金魚の種類は日本産で品種認定されているものが三十一種類、海外を含めると一〇〇種類以上だと言われる。この金魚の品種も長い時間をかけて掛け合わされた結果だ。珍奇な色形の金魚が生まれても生殖能力があるとは限らないのである。ただ金魚の品種改良には謎が多い。
金魚は趣味の魚であり近代に入るまで学術研究が為されて来なかった。ドラム缶の中に金魚を入れ、蓋をして真っ暗にしてから側面を棒でガンガン叩くと黒いでめきんになるという冗談があった。ウソだろうが、かといってどうやってでめきんのような変わった形の金魚が生み出されたのか、よくわからないのである。
南京金魚香合
清朝初期 十七世紀前半 縦6×横4.2×高5センチ(いずれも最大値)
同 上部裏
同 下部表裏
今回紹介する一つ目の骨董は中国製の金魚型香合である。前傾姿勢で水に飛び込もうとしている水泳選手のようだ。ちょっとおとぼけな感じで可愛らしい。古そうな箱に入っていて貼札に「南京金魚香合」とある。骨董の世界で「南京焼」は清朝初期の焼物になる。時代は合ってますな。

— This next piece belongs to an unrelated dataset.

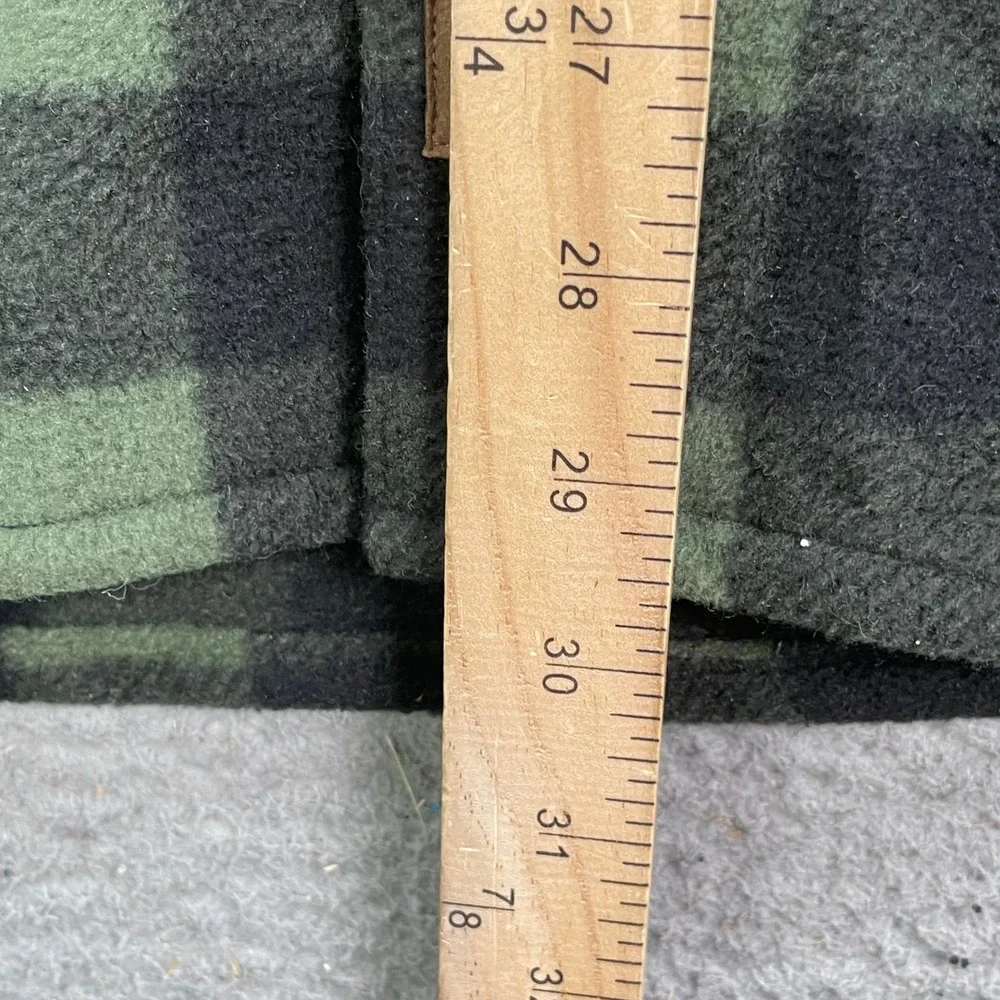Legendary Whitetails Fleece Shirt Mens Large Green Buffalo Plaid‎ Western Logger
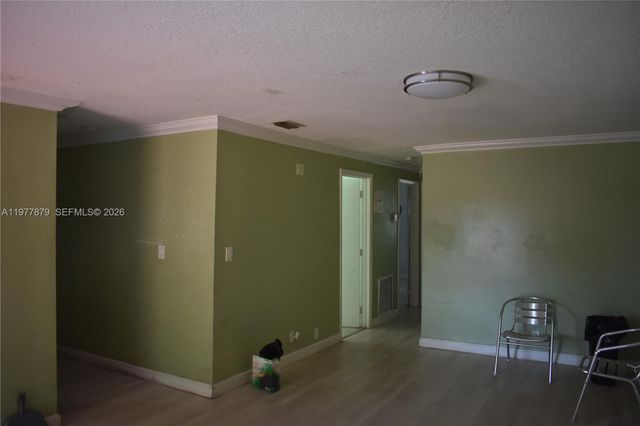 2121 NW 26th Ave, Fort Lauderdale, FL 33311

明から清の動乱期に焼物の本場である景徳鎮は最大の顧客を失ってしまった。宮廷が最大の顧客だったのである。そのため景徳鎮(だけではないが)は海外貿易に活路を求めた。日本に大量に伝わっている古染付と呼ばれる焼物などである。ほとんどが日本のお茶人からの注文品だ。磁器とは思えないぶ厚い磁体、皿や向付の口辺の釉薬が欠けている(剥がれている)のが最大の特徴である。これを虫食いと呼んでお茶人たちは珍重した。中国では色、形、絵付け、焼き上がりともに完璧な宮廷用(皇帝用)焼物が最高級品だが、磁器より陶器が好きで完璧さを嫌う日本のお茶人らしい好みである。最初は景徳鎮の陶製技術が低下して陶体(粘土)と釉薬の組み合わせが悪くたまたま釉薬が剥げてしまったのだろう。それを日本のお茶人たちが喜んであえて釉剥げのある焼き物を作らせたのである。
金魚型香合は釉剥げなどがない。端正な形で釉薬もしっかりかかっている。そこからも制作年代は明末ではなく窯が安定した清朝初期だということがわかる。日本では江戸初期だ。ちなみに江戸後期に大量に輸入された中国磁器を「新渡染付」と呼ぶ。この「新渡染付」が伝来してから明末の染付が「古染付」と呼ばれるようになった。骨董用語Tipsですな。
この金魚型香合もお茶道具の一つ。お茶席で焚く香木を入れておくための容器である。茶席を彩る飾物でもある。ただ最初見た時金魚っぽいなとは思ったが確証を持てなかったので骨董屋に質問してみた。
「青色なのはいいとして、この香合が金魚だっていう証拠は?」
「あー尾っぽと背びれです。特に背びれですぅ」
「もそっと詳しく」
「背びれがない魚は金魚だけなんです。これはらんちうです」
「なーるほど」
言われてみればその通りで、らんちう(卵虫、蘭鋳、金鋳とも書く)には背びれがない。骨董屋は香合を金魚コレクターから仕入れたそうで、もう一点、同じコレクターから買った古伊万里の小皿があった。売り物なので写真は撮らなかったが直径七センチほどで見込みに染付で金魚が描かれている。これが金魚型香合の倍くらい高かった。モノとしては金魚型香合の方が魅力的に見えたので不審だった。そこでまた質問。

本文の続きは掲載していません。